My top tip for good superior sounds; don't use superior FX, processing or EQ. I can tire over Superior settings for days, weeks even, and come out with shitty sounds. An hour in Logic and I get something that sounds fresh and vaguely 'real', thought I think real comes more from the programming than the sound.

All that comes out of superior for me are raw sample, Logic does everything else.


----------



## Prime

I agree...I think it is much easier to mold your sounds outside of Superior. 

To make things even easier load up the metalmachine EZX and your almost there to begin with.


----------



## Kwirk

Forget the drums! That first lead was awesome. Dat phrasing. Familiar, yet very different. 

/i'm out


----------



## jmeezle

Slate Digital Trigger + Seraph Recordings samples + Metal Foundry is what I use and couldnt be happier.


----------



## Ratel

jmeezle said:


> Slate Digital Trigger + Seraph Recordings samples + Metal Foundry is what I use and couldnt be happier.



Peter's samples are the best ever.


----------



## pushpull7

@Seraph: 

So how does this work?

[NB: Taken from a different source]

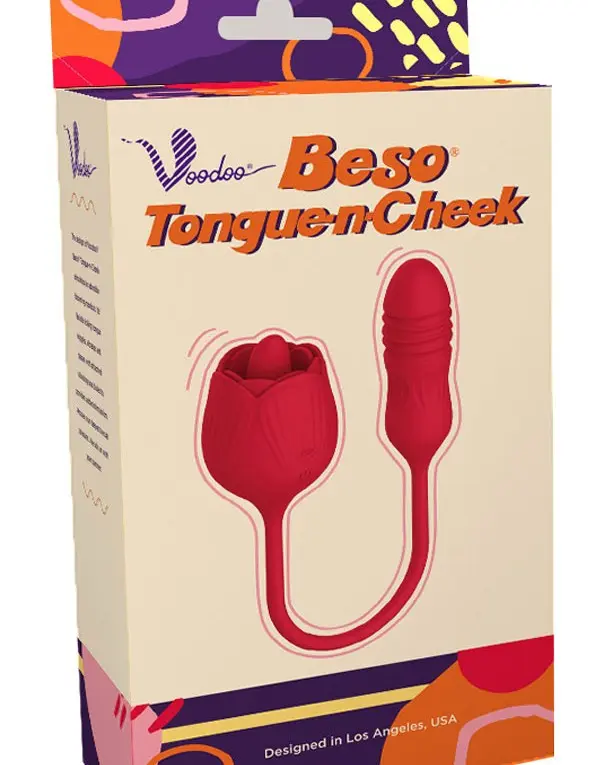 Voodoo Beso Tongue-N-Cheek Rose - Red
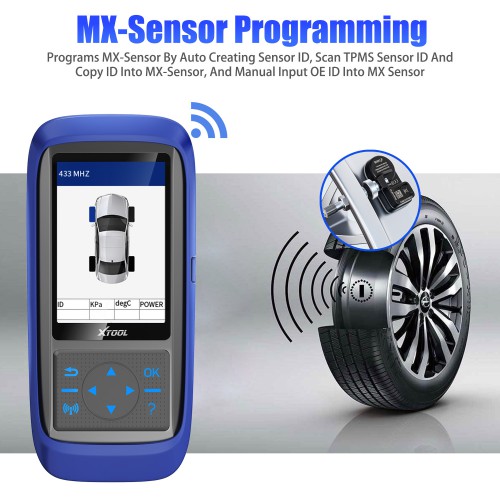 XTOOL TP150 OBD2 TPMS Diagnostic Scanner Tool Program 315&433 MHZ Sensor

Are the nki's easy to work with?


----------



## sear

You do realize that you can make the default Superior drums sound almost like anything if you are smart enough to blend drums together and use pitch shifting, right? You'd be amazed how much layering a piccolo snare can make it cut through, for instance, or how much a change of 2-5 cents will make your kick sit better. The only time I like to replace drums is using Steven Slate for the kicks, those samples are pretty great and take processing extremely well.


----------